Ленин же молчал о своей роли катализатора – и в ту ночь, и во всем, написанном им позднее.
У меня теперь сложилось такое впечатление, что эта фраза осталась почти незамеченной в том громадном зале. В какой-то миг я вытянул шею и огляделся. Интересно, сколько из тех мужчин, что спокойно сидели в своих куртках или шинелях, не замечая запаха и жара потных тел, пронизывающих не отапливаемый иным способом зал, и которые не сводили глаз со своего вождя, принимали участие в событиях вчерашнего дня? Я вспомнил оживленные замечания и реплики каких-то мудрецов из посольства, брошенные мне и Риду в отеле «Франс», когда мы обедали там накануне.
– Ваши друзья большевики, похоже, не гении военной стратегии. Разумеется. Чего же можно ожидать? Троцкий ведает так называемым Военно-революционным комитетом, он оратор, жонглирующий словами, но едва ли военный человек. А Антонов – он-то кто? Поэт? И все равно вы полагаете, что они смогут организовать оборону Смольного. Если бы Керенский не был таким трусливым, он смог бы взять Смольный несколькими сотнями человек. А что у них впереди даже сейчас? Груда бревен, которых не хватило бы даже для приличной баррикады, и пара автоматов, которые держат в руках рабочие, никогда в жизни не стрелявшие.

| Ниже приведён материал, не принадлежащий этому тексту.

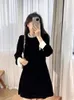 Повседневные платья 2024, осенне-зимняя французская женская одежда, модная роскошная жемчужная вырезка с длинным рукавом и круглым вырезом, черный бархат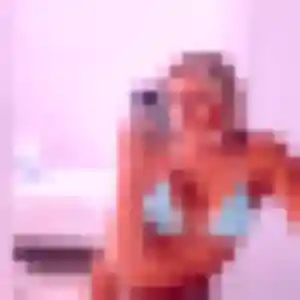 Alienor, 30 ans, dispo pour rencontre libertine à Faverges-Seythenex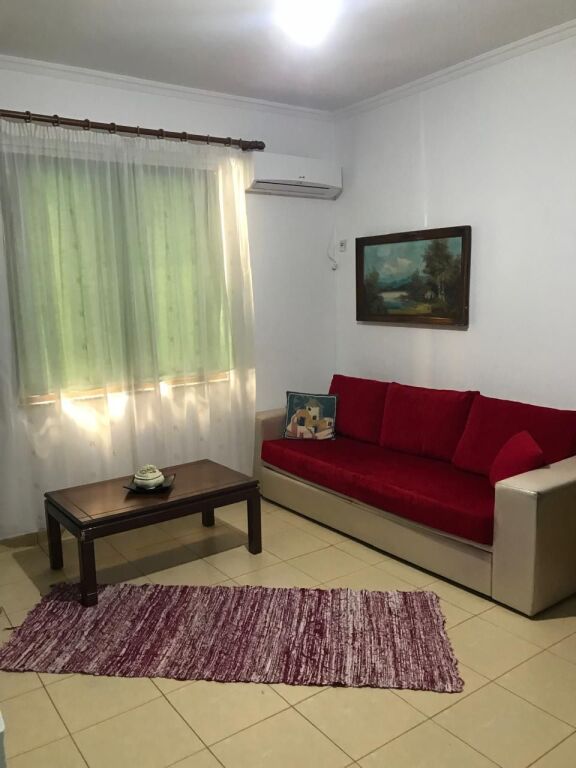 Qera | Garsoniere | Fresku | 250 €/muaj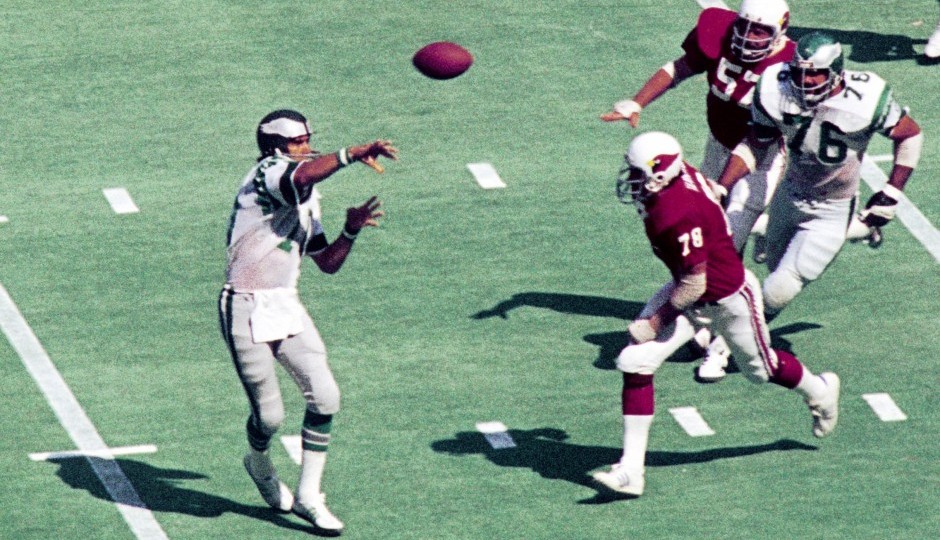 Philadelphia Eagles quarterback Mike Boryla throws a pass against the St. Louis Cardinals in 1974. (USA Today Sports)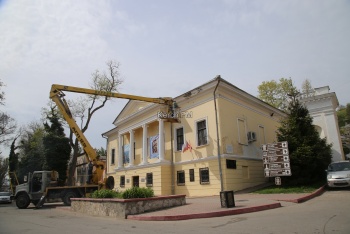 В Керчи ремонтировали фасад Картинной галереи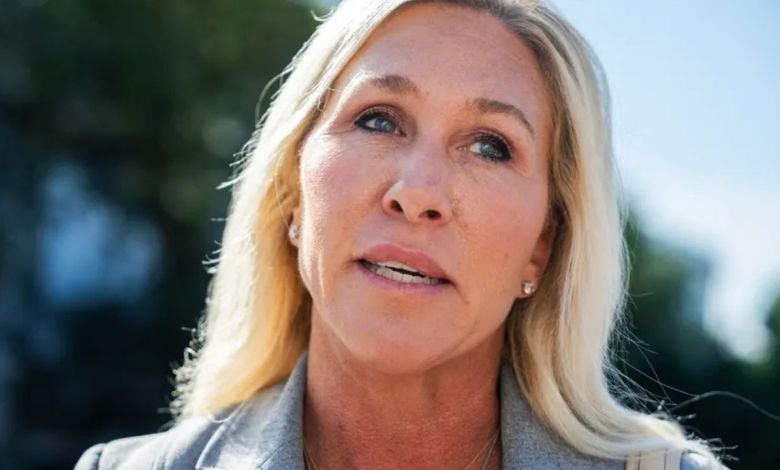 भारत आने से पहले ही विवादों में घिरी अमेरिकी फार-राइट एक्टिविस्ट लौरा लूमर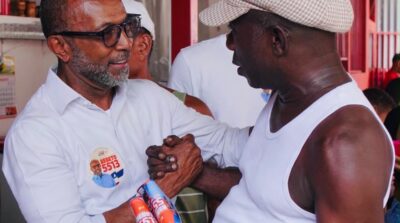 Bebeto almoça com moradores do Vilela e relembra participação na formação do bairro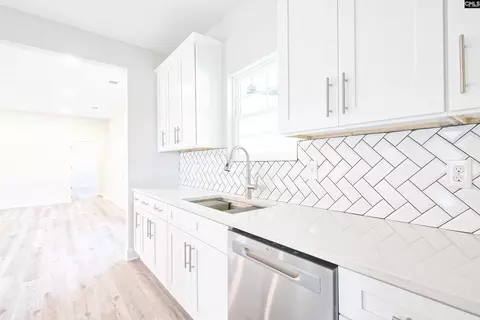 Kitchen - 704 Martin Smith Rd, Gilbert, SC 29054 photo 4 of 5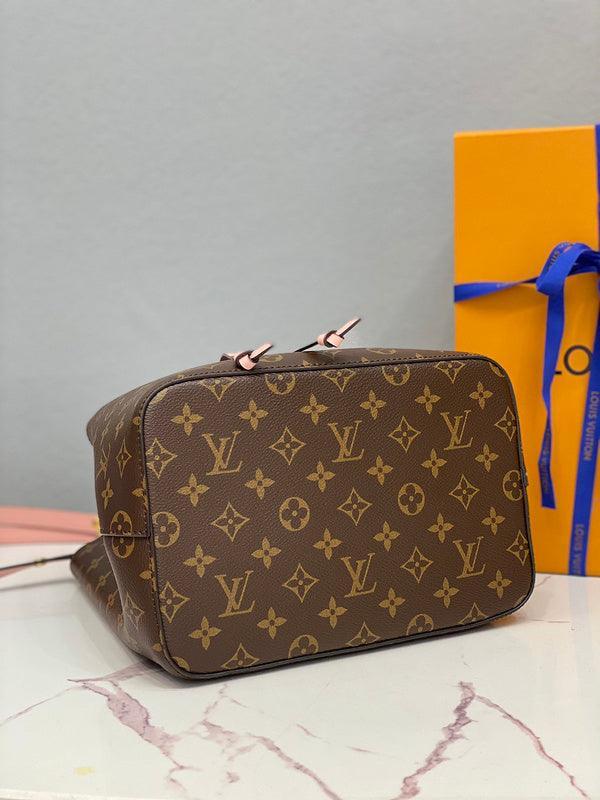 BFWD - LOV Bags - 1919 - tntwear1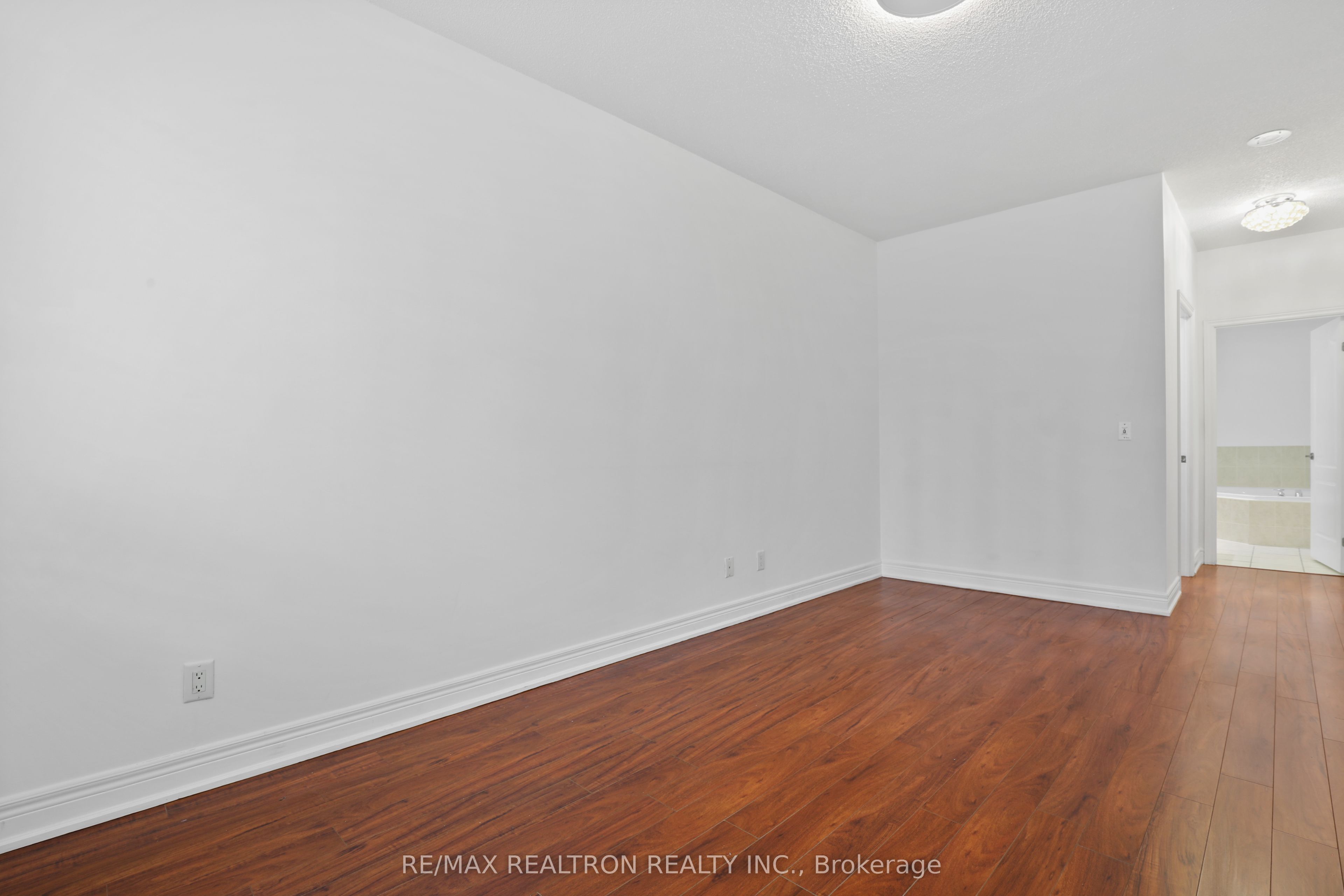 48 Suncrest Boulevard 112 Property Photo 24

Рид ответил, что Керенский ждал свои несколько сотен людей, однако они так и не пришли. Более того, Керенский не стал бы трогать ни Смольный, ни всех этих меньшевиков или эсеров вокруг него.
Это было в некотором роде язвительностью, которую мы уже слышали до восстания, когда большевикам выговаривали за то, что они затянули с ним. А теперь критиканы жаловались, что гвардия состояла из любителей, а вожди – не были военными стратегами, причем это были те же самые критики, которые настаивали на том, что восстание – это большевистский государственный переворот, совершенный военными заговорщиками.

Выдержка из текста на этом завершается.